On Friday I was convinced my doctor was going to call me with news from my surgery but Friday came and went with no call. And so I went into the weekend wondering about clear margins and my once intuitive gut being on the fritz.
But then Monday came and it was time for me to return to work. It was around lunchtime and the office was quiet as most were off eating in the sunshine. I was at my desk when the unknown number rang through. I answered it as I walked quickly to a vacant office, my heart in my throat.
My doctor was on the line with news of my fate.
She told me she had tried to call me Friday but she only had Mr. Darcy’s number on hand and didn’t feel she should leave a message on that line when he didn’t pick up the phone. (So my gut was right!) “I wanted to give you good news to go into your weekend,” she said. Good news??
I have clear margins. Wide, clear margins.
It’s what we were hoping for and yet it comes with its own complications. Yes, they did not find cancer in this biopsy. Instead this time they found spots of adenocarcinoma in situ (pre-cancer) which is what I had originally after my colposcopy. Then I had the first cold-knife conization and they found adenocarcinoma (actual cancer). Then I had this last surgery, the second cold-knife conization, and they found the pre-cancer again. Cancer is a tricky bitch.
So what does this mean? It means we’ve bought some time and the possibility that we could conceive our own child is back in the mix. I have to go back in a month for a post-op check up then have a pap smear in 3 months to make sure it’s clear. If it is not abnormal, I will get the go-ahead to try to get pregnant. I’m not sure how I can have a normal pap after all this and with the news that there is still pre-cancer in my cervix. But apparently that’s what we’re hoping for. . .

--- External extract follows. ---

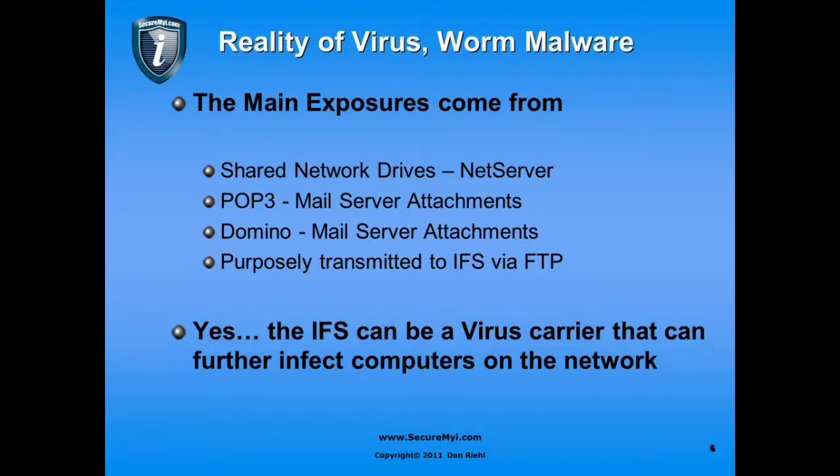What about using the IBM i as a POP3 mail server? Any mail server attachments coming into the system can be infected with malware. If we're running Domino, mail server attachments can also be a problem. If somebody wants to purposely put a virus on the machine, they can transmit to the IFS using FTP or a mapped drive to infect it. Yes, the IFS can be a virus carrier that can further infect computers on the network.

I’m sorry. I know I should be rejoicing but I’m too pragmatic to ignore the hurdles ahead. I’ve had two surgeries on my cervix which will make conceiving more difficult and giving birth even harder. I’ve been tensely holding my breath for months now, living amidst the cancer chaos, and hearing “clear margins” isn’t actually releasing my anxiety. I know this is good news in long line of bad news and I’ll take what I can get. But even if we do get to have a kid, I’ll still have to have a hysterectomy. The only cure for cervical cancer is to cut out all the lady parts. What clear margins gives me is a greater opportunity, a chance to try to have a baby with Mr. Darcy, and a bit of breathing room until the inevitable (hysterectomy).
This was not what we had planned. I didn’t think we’d get engaged, buy a house, move, Mr. Darcy would start a new job, I would get cervical cancer, we’d get married, and we’d try to get pregnant all in one year. I LIKE TO BE EFFICIENT BUT THIS IS KIND OF RIDICULOUS.
I am tired, friends. These past few months have aged us. I see the gray hair accumulating on Mr. Darcy’s head. I see how the worry has set up camp in my eyes. But we will take this good news and rest in it while focusing on our upcoming wedding. I have been confronted with so many lessons in all of this, many I am still unraveling. I know, without a doubt, that I have a sea of love carrying me. That I am not alone. That I am blessed beyond my wildest dreams with love and support and kindness. (Thank you.)